According to Rambo, he will pay two members from the road department with the state liquid fuel funding. That money is usually used for road materials, but Rambo decided to use it this year for salaries. Road work projects will be reduced until the revenue situation improves. All non-uniform employees including management and staff will receive no pay raise. The township will also cut its contribution to the non-union pension fund from 7.5% to 5%. According to Rambo, that is not a savings to the township. That money will move from the non-pension fund to the police pension fund. It is that money that will aid to make up the difference in the state-mandated police pension funding.

Under contractual obligations, the police department members, at this point, will receive their 4% annual raise.

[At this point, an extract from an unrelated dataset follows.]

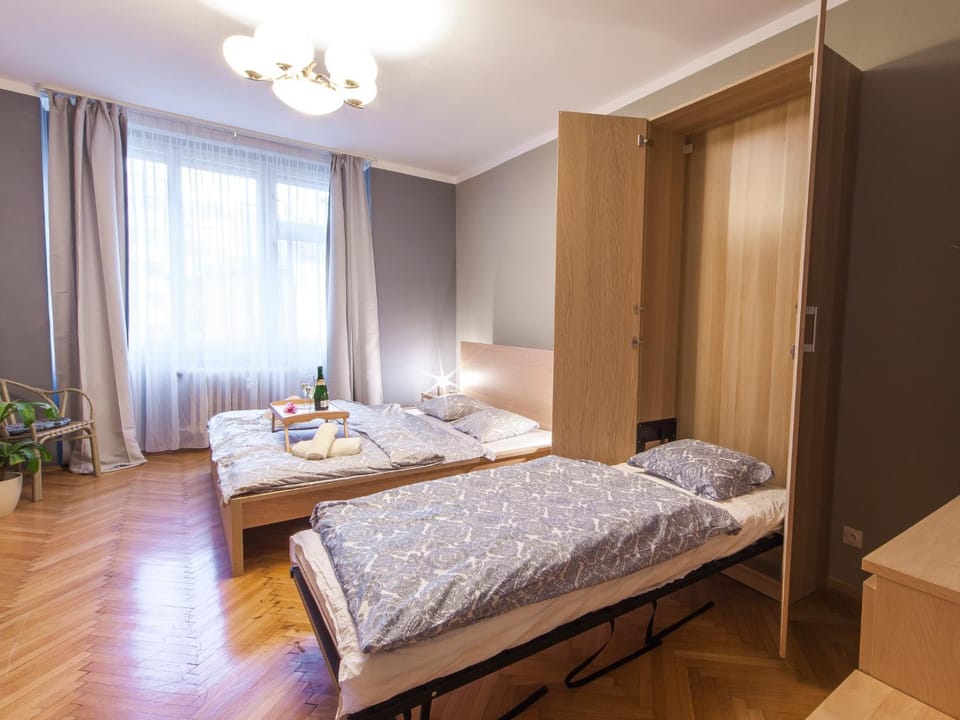 Bed, Photo of the whole room, Bedroom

The township, the union, and their attorneys had met, but the township was still waiting to hear from the union. At the early December board of supervisor's meeting, the police union representative, Dave Domblesky, stated the situation did not come to light for them and their attorney until late November. Their attorney was currently studying the budget.

Supervisor Tom McCaffrey said he was disappointed in not hearing from the union sooner and stated the budget has to be enacted by the end of the year. Supervisor Joe Obernier reiterated they had heard nothing from the union. He also requested if there were concessions the union and it members were willing to make and were in agreement with, it should be brought forth quickly. Obernier had also stated the budget would probably need to be amended in December and possibly after it was voted on early next year.

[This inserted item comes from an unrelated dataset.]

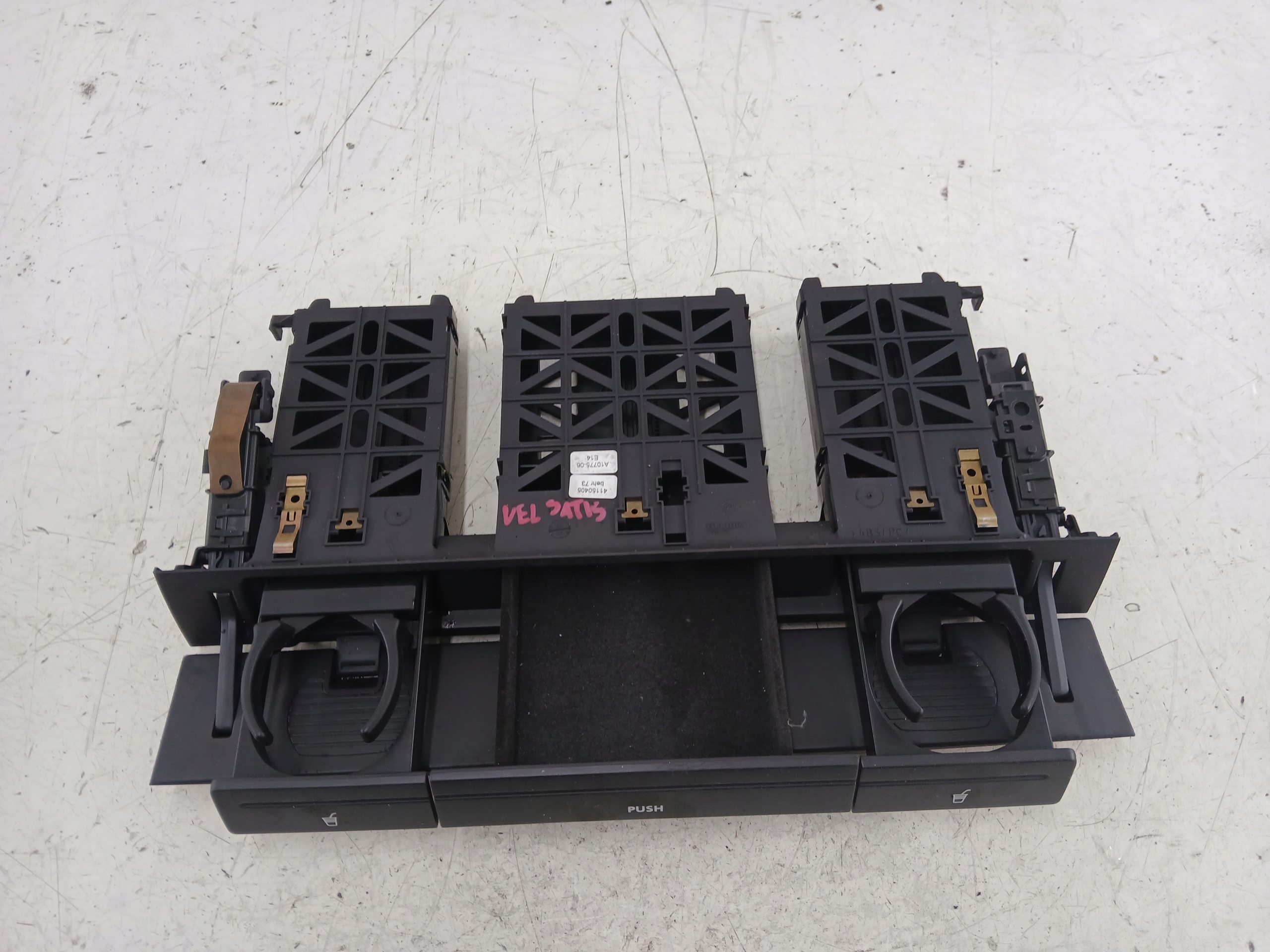 RENAULT VEL SATIS CUPHOLDER úchyty na KUBEK PANEL DEKOR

If additional cuts are needed, it is likely to come from the police budget. The Police Department is the largest slice of the budget. It is 1/3 of the overall budget. However, if the state's pass-through money is taken out of the budget, the police department becomes 41% of the town-ship's discretionary spending budget. On a pie chart for the township budget, it is one of the largest slices of the pie. It is logically one of the first places to look for additional cuts.

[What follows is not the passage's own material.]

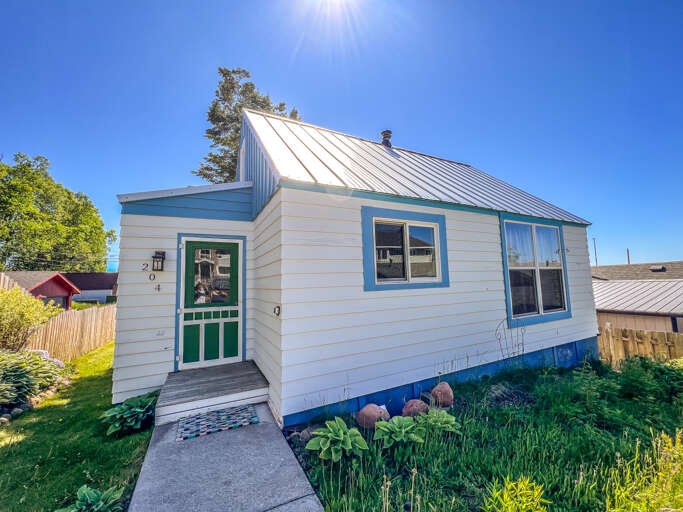 Make Mariner House your North Shore home away from home!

Taking out that same pass-through funding, the administration/board of supervisors is 18% of the discretionary spending. The Road Department is 12% of the same spending. The Code Department is 7% of the township discretionary spending. The township's debt service is 16% of the budget without the state's pass-through funding.

The township will continue budget discussions at this week's board of supervisors meeting. Work will continue on the budget until the board of supervisors votes on the budget. They will vote on the budget at the December 29th at a special meeting.